> _PROBLEM DESCRIPTION_: Output exactly the lines that come between the start of the material and the line containing "23.6-inch Tall,2PCSRed Hamiledyi", both ends included, with the pictures omitted.
++++ DATA SECTION ++++
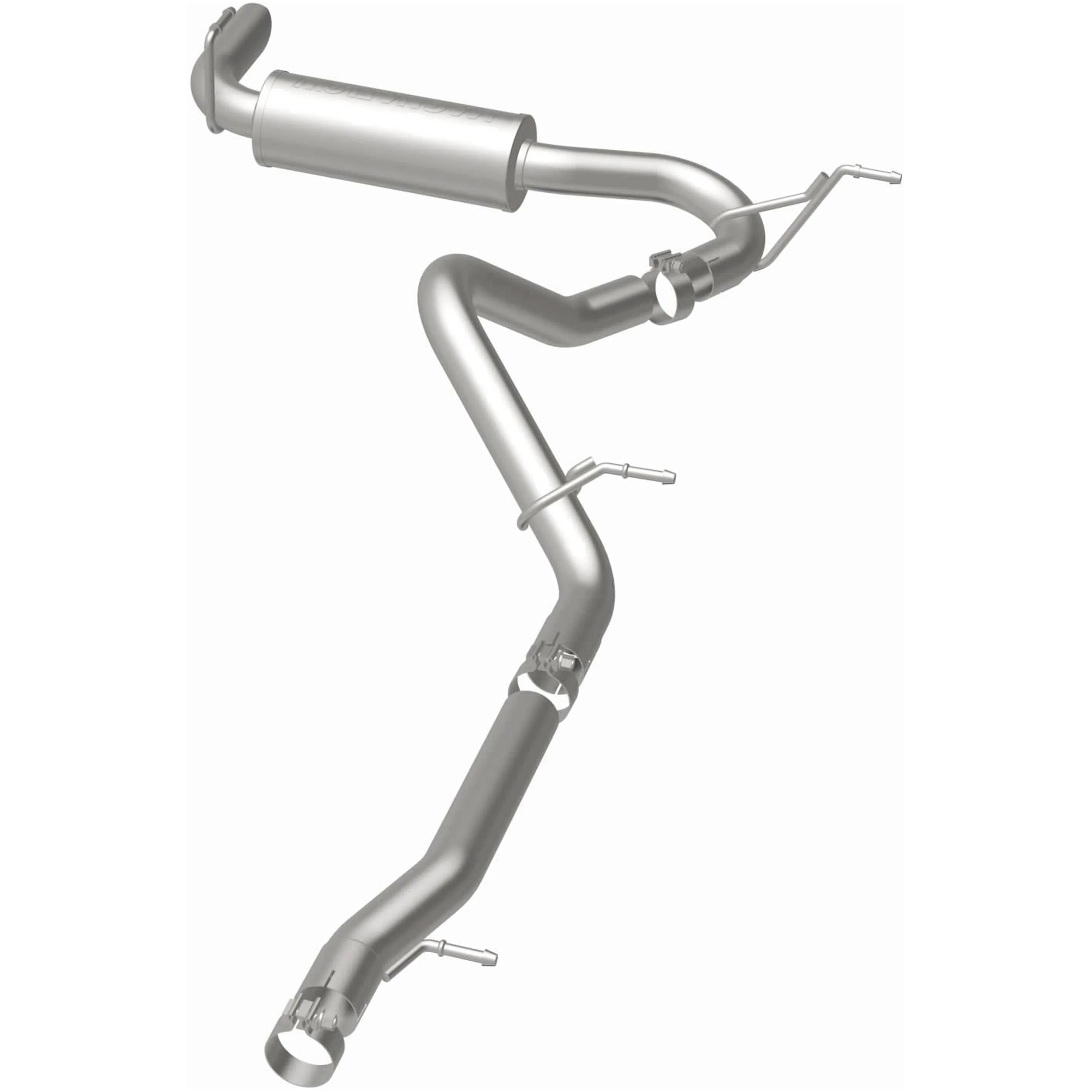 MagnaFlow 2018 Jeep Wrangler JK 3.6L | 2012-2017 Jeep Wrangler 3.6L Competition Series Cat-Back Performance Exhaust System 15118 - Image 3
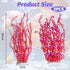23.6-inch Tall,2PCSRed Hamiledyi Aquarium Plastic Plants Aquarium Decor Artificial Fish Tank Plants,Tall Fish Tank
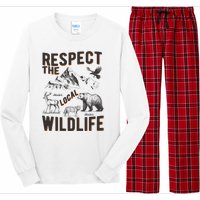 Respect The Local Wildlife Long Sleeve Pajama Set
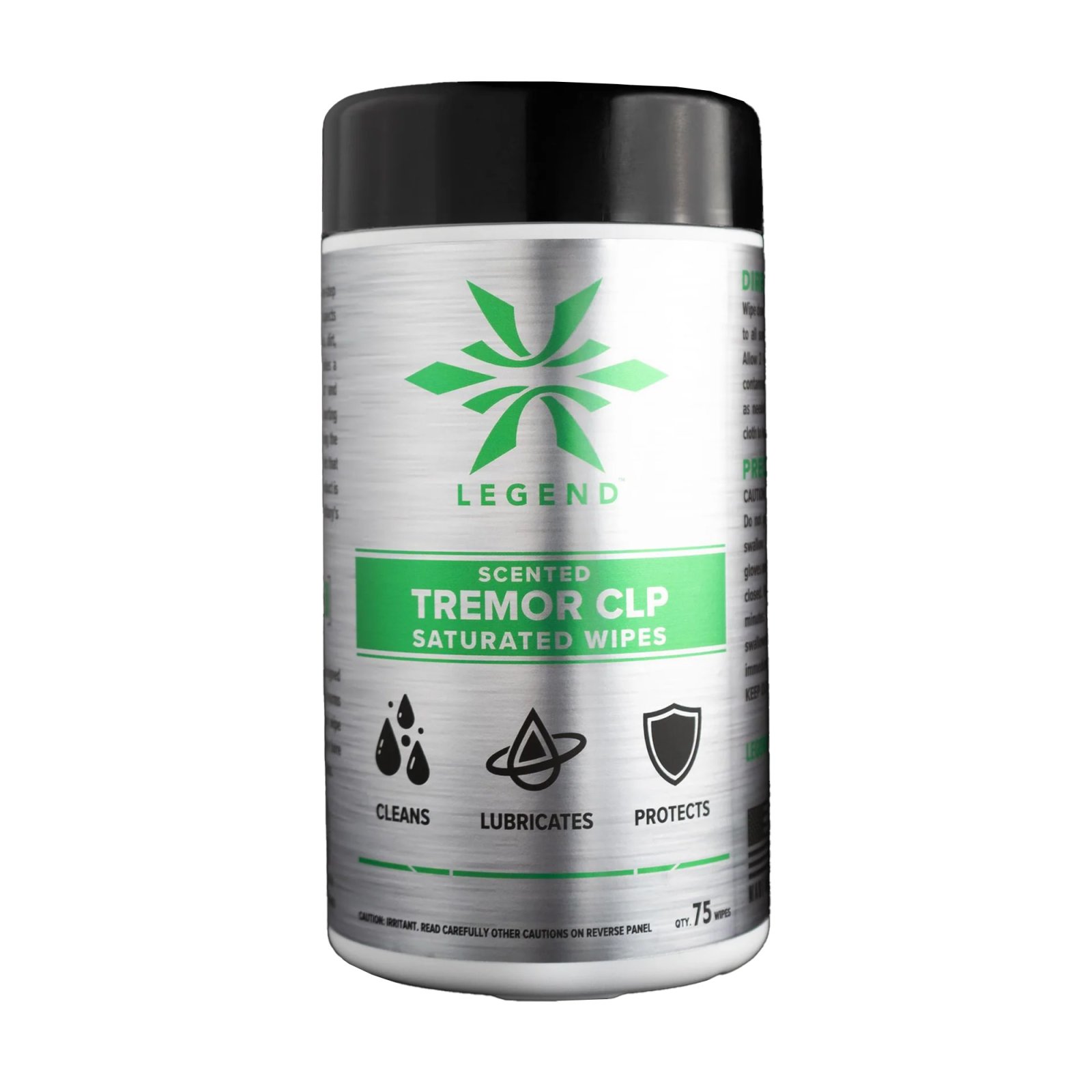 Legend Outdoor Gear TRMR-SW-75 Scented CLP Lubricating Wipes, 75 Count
++++
> _RESPONSE_:
 MagnaFlow 2018 Jeep Wrangler JK 3.6L | 2012-2017 Jeep Wrangler 3.6L Competition Series Cat-Back Performance Exhaust System 15118 - Image 3
23.6-inch Tall,2PCSRed Hamiledyi Aquarium Plastic Plants Aquarium Decor Artificial Fish Tank Plants,Tall Fish Tank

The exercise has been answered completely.